Stored entries
___

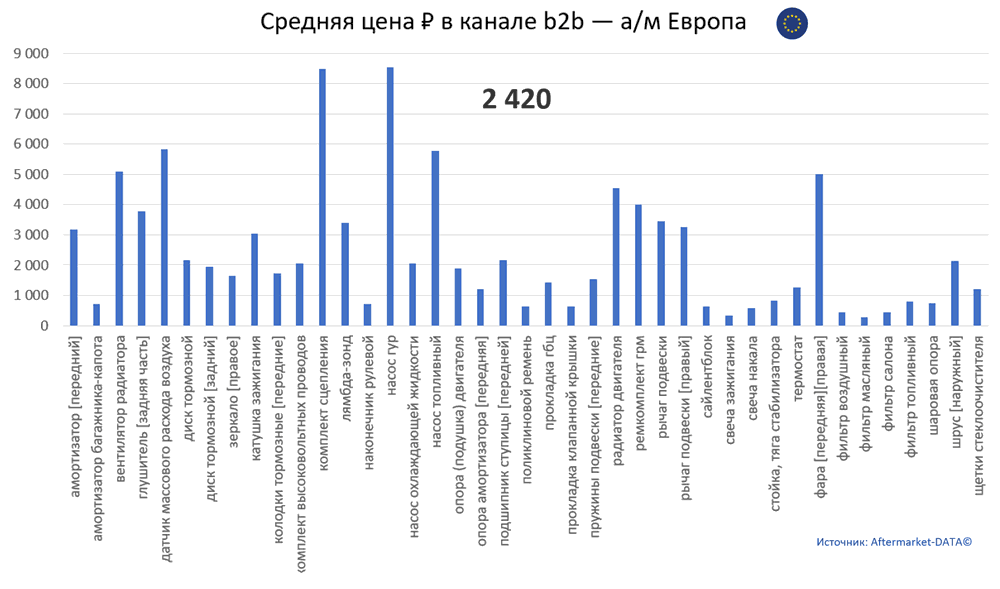 Структура Aftermarket август 2021. Средняя цена в канале b2b - Европа.  Аналитика на kalachinsk.win-sto.ru
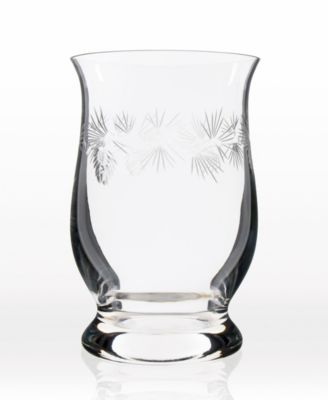 Rolf Glass - 12070211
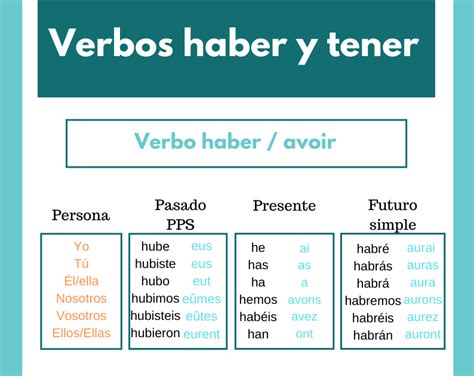 Conjugaison Du Verbe Etre En Espagnol AUTOMASITES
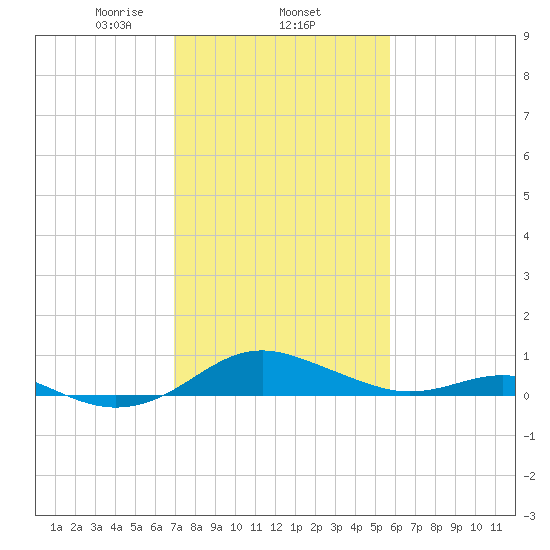 Chesapeake Beach tide chart for Wednesday, February 15, 2023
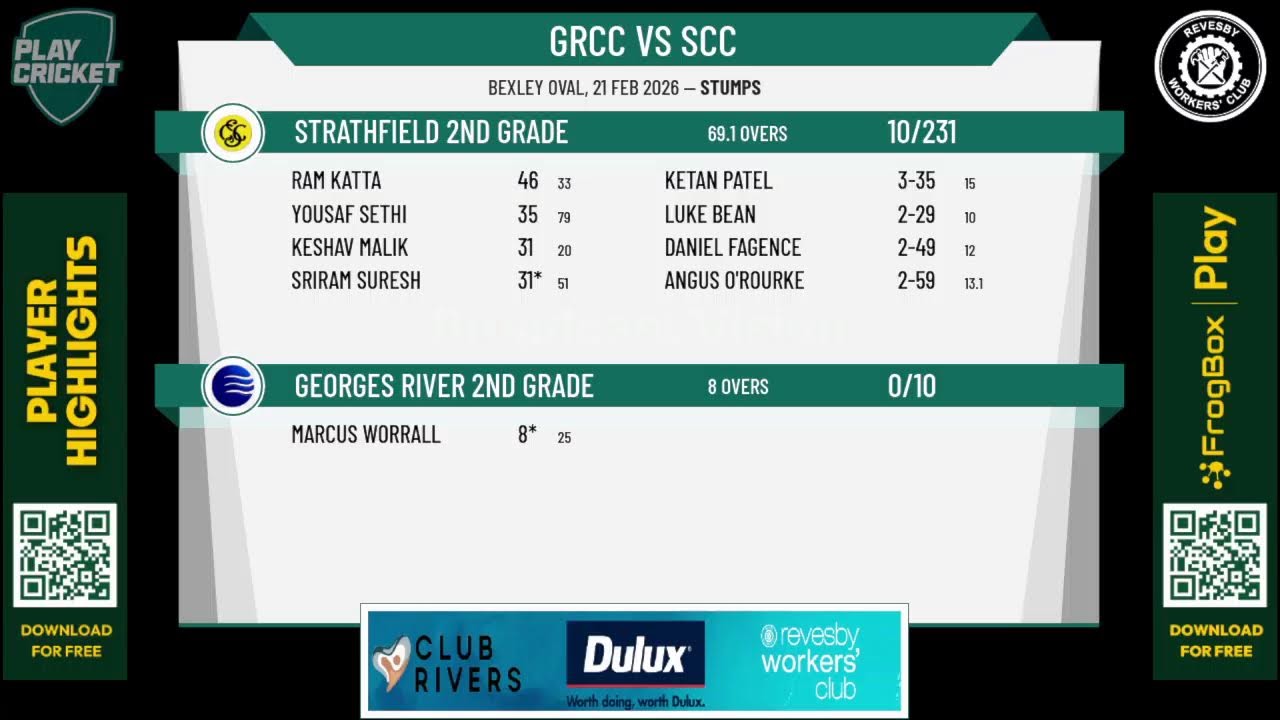 Georges River 2nd Grade v Strathfield 2nd Grade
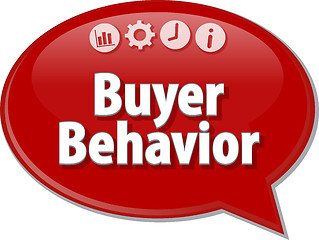 Image showing Buyer Behavior  Business term speech bubble illustration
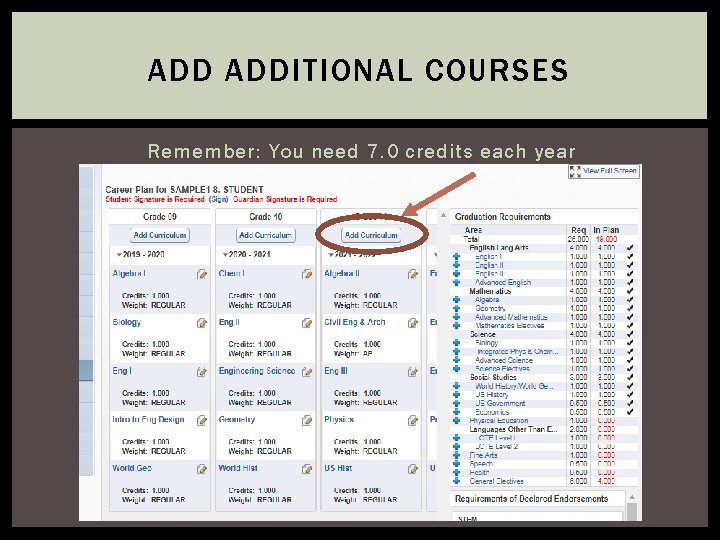 ADD ADDITIONAL COURSES Remember: You need 7. 0 credits each year 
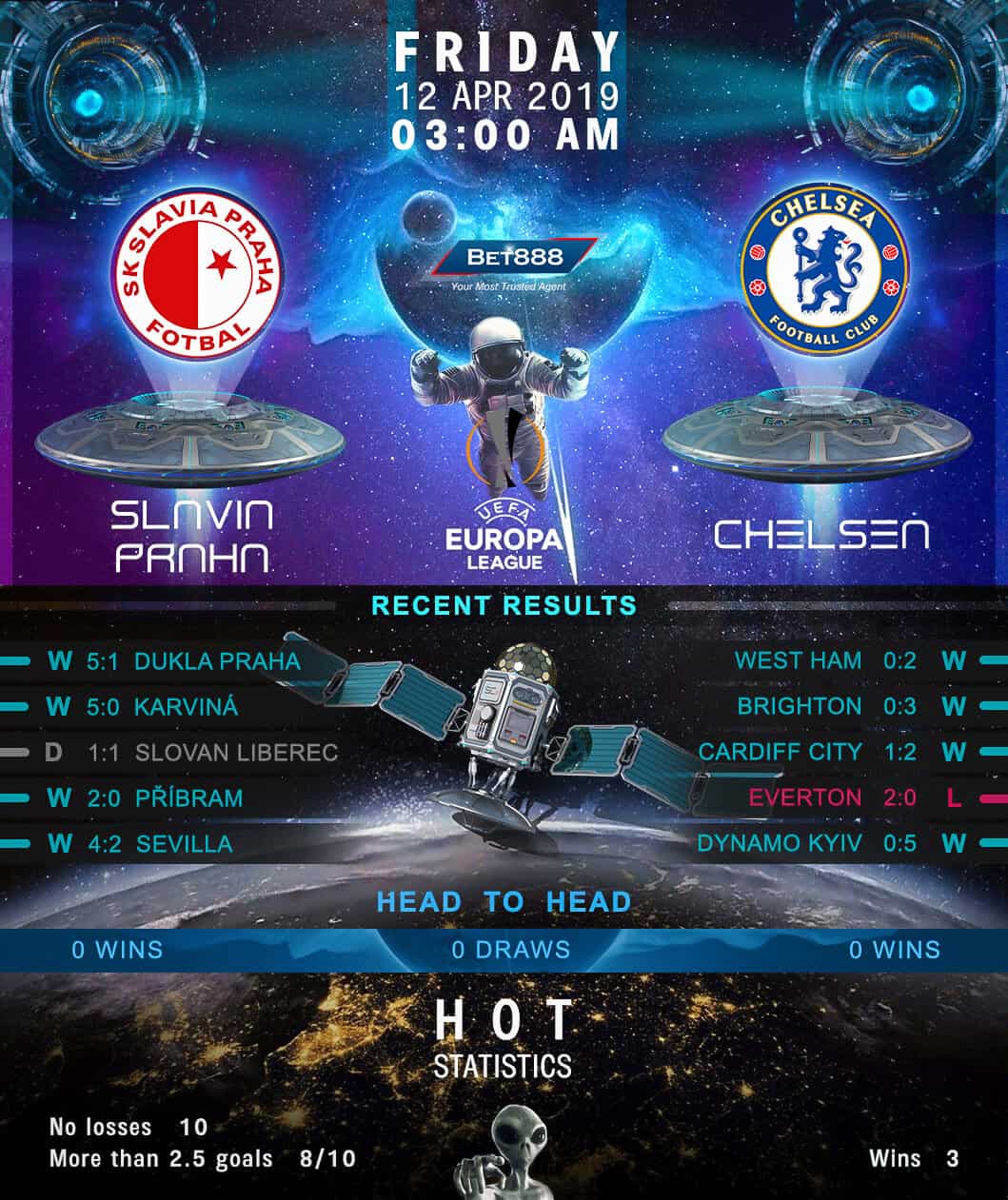 Slavia Praha vs Chelsea 12/04/19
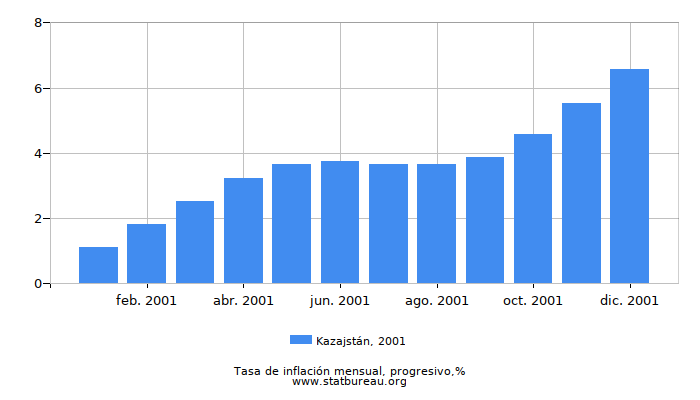 2001 Kazajstán progresiva tasa de inflación 2001 Kazajstán progresiva tasa de inflación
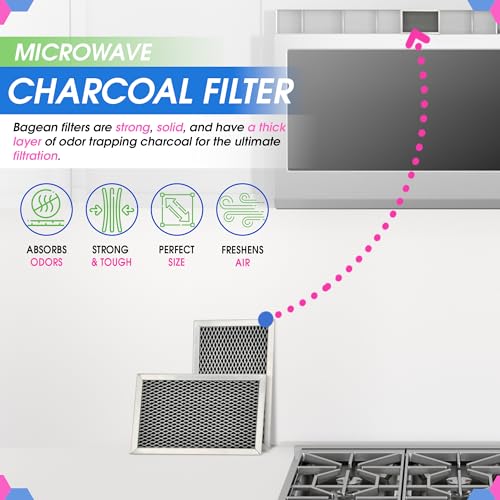 Microwave Filter Replacement 7.68" x 4.85" JX81C WB02X10776 GE Microwave Charcoal Filter - Also Fits LG Kenmore Carbon Filter - Freshens and Filters Kitchen Air in Over the Range Oven Vent Fan 2-Pack - view 2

___

Work instruction:
Print exactly the line containing "Slavia Praha vs Chelsea 12/04/19" and every line after it through the final line above, and leave all pictures out.

Result:
 Slavia Praha vs Chelsea 12/04/19
 2001 Kazajstán progresiva tasa de inflación 2001 Kazajstán progresiva tasa de inflación
 Microwave Filter Replacement 7.68" x 4.85" JX81C WB02X10776 GE Microwave Charcoal Filter - Also Fits LG Kenmore Carbon Filter - Freshens and Filters Kitchen Air in Over the Range Oven Vent Fan 2-Pack - view 2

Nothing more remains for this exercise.